Records from a dataset:
============================================================

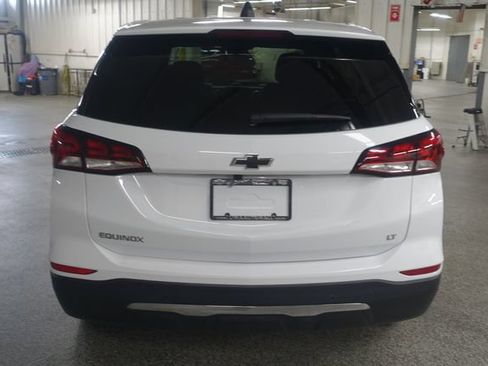 Used 2024 Chevrolet Equinox LT FWD image 6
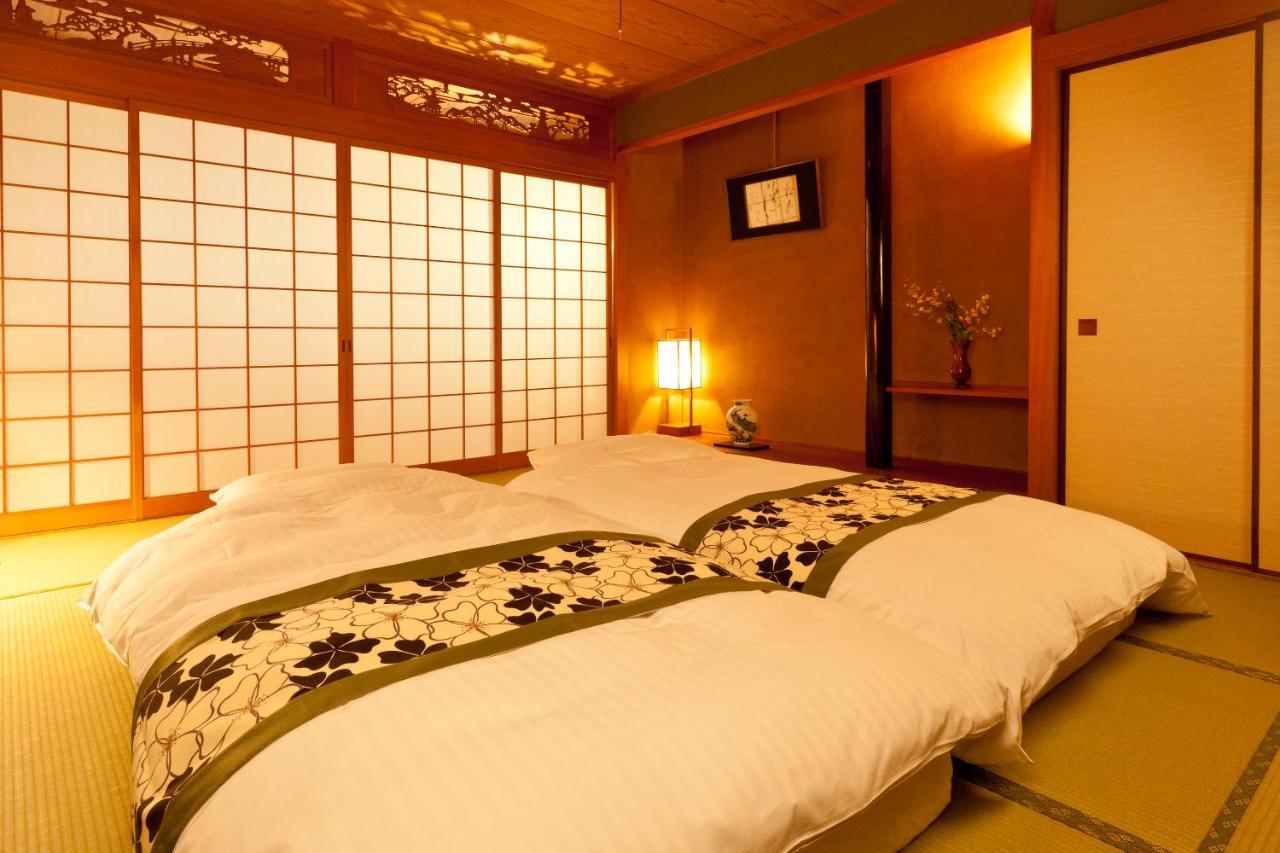 Hotel Takasago Kōchi Buitenkant foto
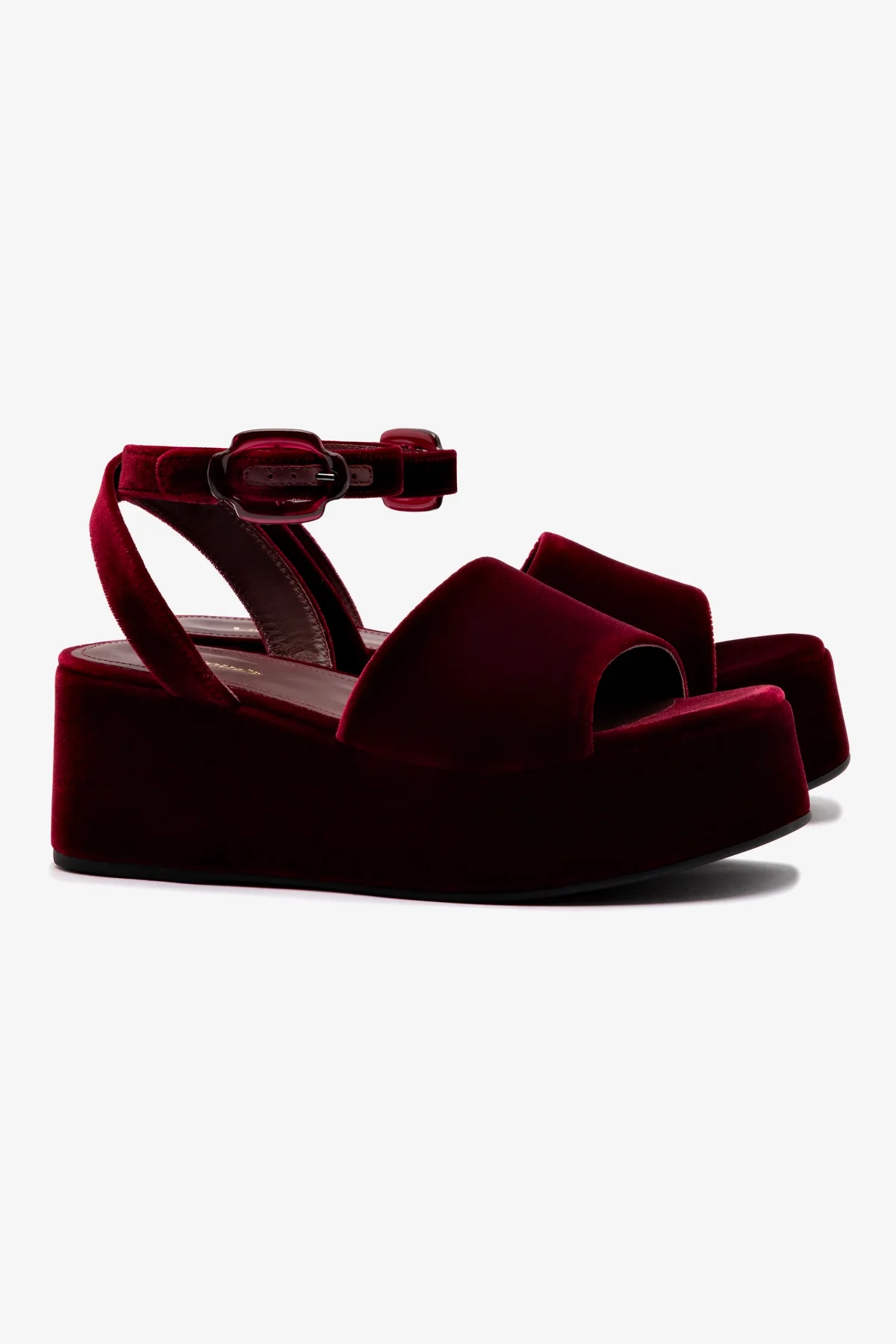 Charli Flatform Sandal In Wine Velvet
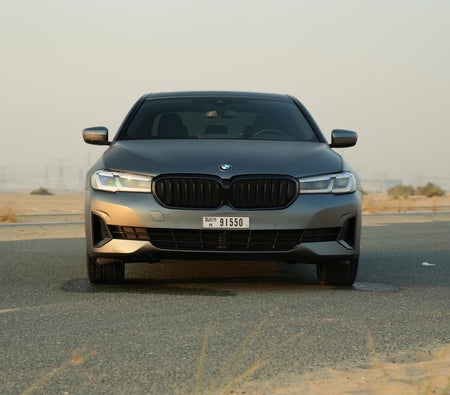 Gris mat BMW 530i 2023
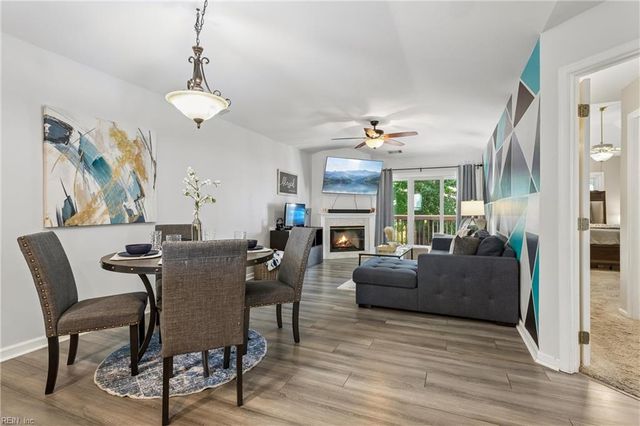 925 Ironwood DR, Yorktown, VA 23693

============================================================

Task statement -
Each entry should appear again exactly as written, pictures excluded.

Final answer -
 Used 2024 Chevrolet Equinox LT FWD image 6
 Hotel Takasago Kōchi Buitenkant foto
 Charli Flatform Sandal In Wine Velvet
 Gris mat BMW 530i 2023
 925 Ironwood DR, Yorktown, VA 23693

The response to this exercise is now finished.